§ **Recorded information**:
══════════════════════════════
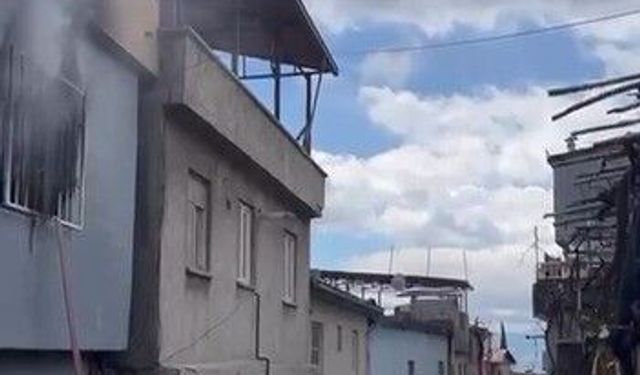Kahramanmaraş'ta Bir Evde Yangın: 1 Kişi Yaralandı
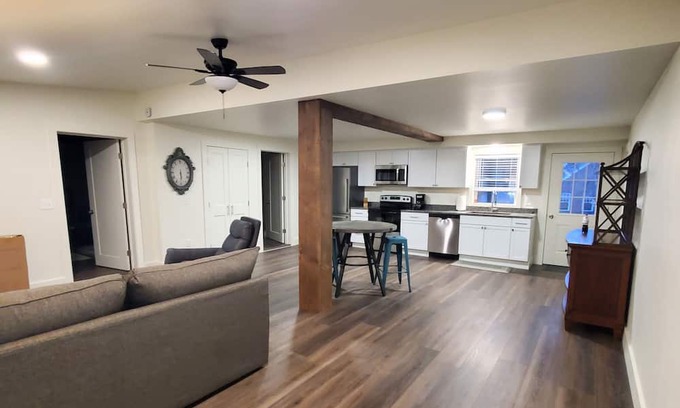 South Paris Apartment | Cozy 1 Bedroom Retreat Near Ski Resorts and Casino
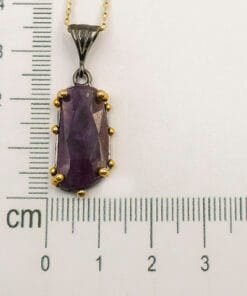 Kırmızı safir taşlı gümüş kolye ölçü ve boyut görünüm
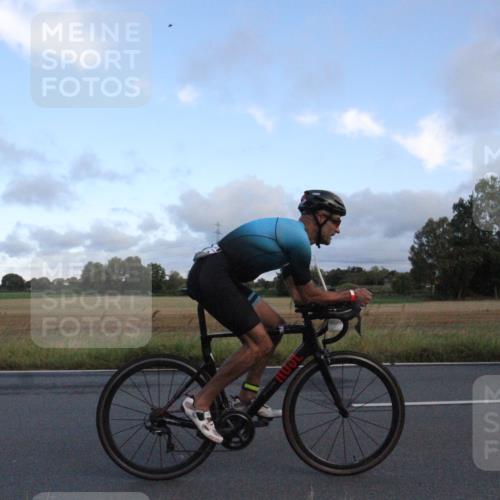 25.08.2024 - Elbe Triathlon Hamburg Fuchs,  Jonas http://msf.ph/oto/6828753 25.08.2024 08:53:53 Radfahren 161, 100, 169, 197, 188 meine-sportfotos.de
══════════════════════════════
Each line from the one containing "Kırmızı safir taşlı" through the last line of the listing is to be given again exactly, with no pictures and no other lines.

 Kırmızı safir taşlı gümüş kolye ölçü ve boyut görünüm
 25.08.2024 - Elbe Triathlon Hamburg Fuchs,  Jonas http://msf.ph/oto/6828753 25.08.2024 08:53:53 Radfahren 161, 100, 169, 197, 188 meine-sportfotos.de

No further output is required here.